BABY SKIN WOESOctober 2018

From nappy rash and sensitivity to everyday care. Beauty Director for Marie Claire, Lisa Oxenham talks you through the key skincare basics for her baby…  

I am a baby skin expert, and like most new mums, can find myself googling skin woes at 4am. Unlike most new mums, however, as a Beauty Director, I find myself around some of the industry’s hottest dermatologists on a regular basis - and it’s all too easy for me to slip a few questions about baby skin into an interview about anti-ageing. The sum total? I’m a baby skin obsessive.


The good news? I’ve amassed a wealth of information that I share with my friends and readers. For example, rashes and blemishes are very common in the first year of a baby’s life, and by their second year it starts to become easy to identify, and avoid, triggers.


For me the below daily tips have worked, but trust your parental instinct and if you think a doctor is necessary, head straight to your GP or call the NHS helpline 111 who are incredibly helpful and will be able to offer advice and assistance if appropriate.


Omega helps flaky skin. Eliza is two and I’m still breast-feeding her so I ensure I have a good intake of skin-supporting EFAs. I eat oily fish three times a week, and avocado, nut and seed oils most days, as well as taking daily omega oils to help her skin health (and mine) stay plump and hydrated. If you’re not breast-feeding and your baby has dry skin, load these foods into their diet instead.
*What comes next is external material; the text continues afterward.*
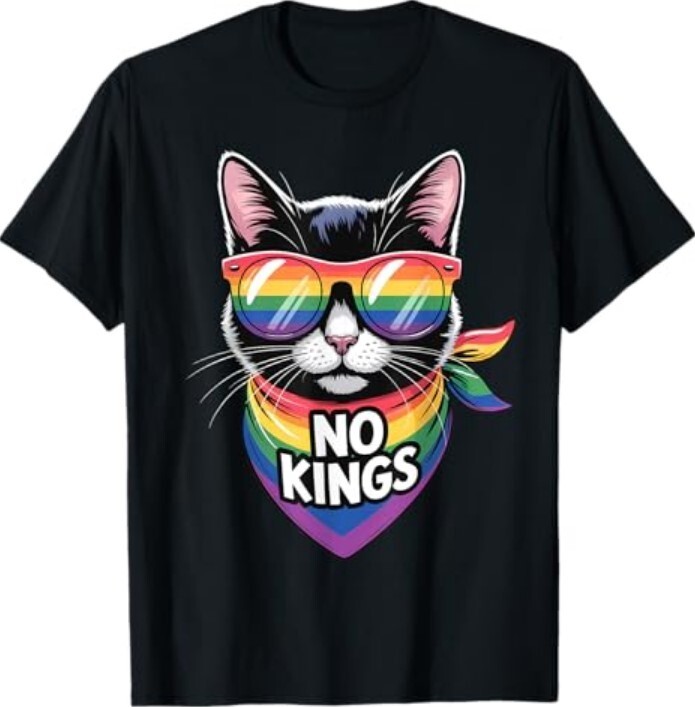 No Kings Pride Cat T-Shirt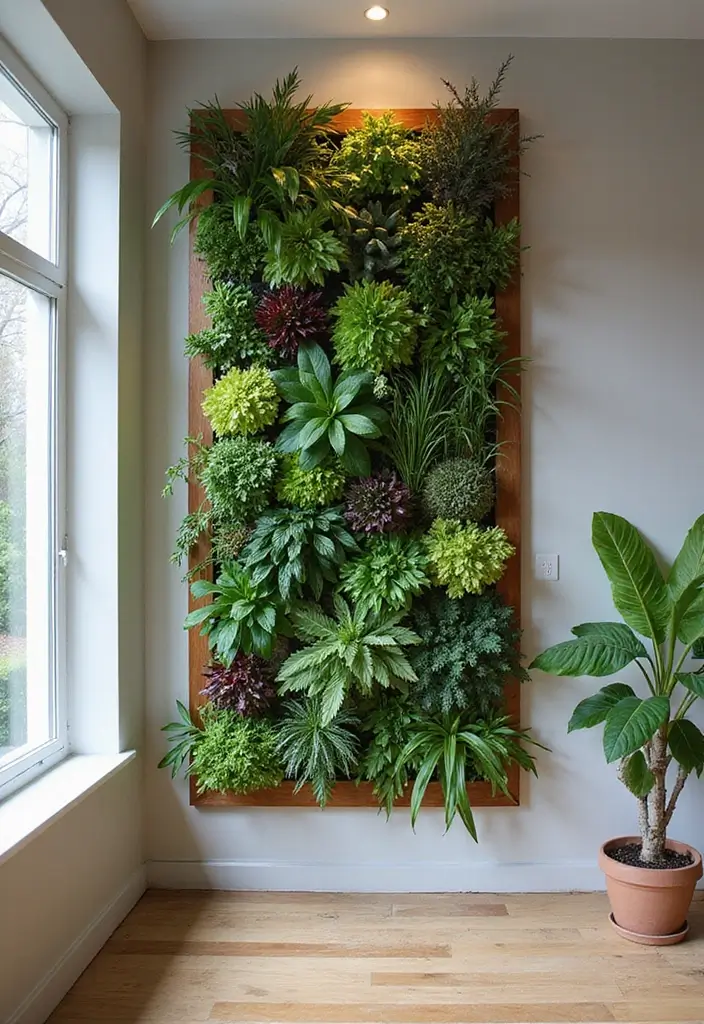 25 Metal Wall Planter Decor Ideas To Bring Nature Indoors - 25. Artistic Wall Planter Panels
Sleep can help sensitive patches. The body secretes growth hormones at night, which help to renew cells and tissues and bring fresh nutrients and oxygen to the skin. My tips for a decent night’s sleep? I give Eliza an early bath as soon as I walk in from work as the warm water can stimulate and avoid Facetiming with friends or family in the evening, this disrupts sleep just the same as screen-time. 


Bolster the immune system to fight skin infections. A daily dose of probiotics strengthens the gut and therefore their immune system, which will help your baby’s skin to better adapt to the environment. I sprinkle a powder probiotic into Eliza’s porridge in the morning.



Protect against sunburn. Babies have extremely thin and delicate skin. Eliza is very pale with very little pigment and hers is hypersensitive so I carry Mustela Very High Protection Sun Lotion SPF 50 around with me to top up when she’s exposed to sunlight. This one is water-resistant, protects against UVA and UVB and is super safe on her sensitive skin.
Lock in moisture to calm inflamed skin. If skin is red, sore and sensitive (Eliza was a chubby baby and suffered with friction in her skin folds) reduce the bath temperature and apply moisturiser immediately afterwards when the baby’s skin is still damp. Mustela Soothing Moisturising Cream comforts the tingling and tightness associated with very sensitive skin. I also gently massage Eliza morning and night to help with circulation.


Prevent and soothe nappy rash. Any redness is often caused by persistent wet nappies, so make sure you change them frequently. I use a warm, wet muslin to clean Eliza’s bottom and if there is any redness, I apply a healing ointment like Mustela Vitamin Barrier Cream to help her feel comfortable again. 


Eliminate cradle cap. This yellow crust which appears under your baby’s hair and eyebrows is the oil glands trying to find balance and skin turnover trying to figure out how to renew. It will usually disappear on its own, but try massaging Mustela Cradle Cap Cream into the area, leave overnight to loosen the scales and then rinse off in the morning with Mustela Foam Shampoo for Newborns.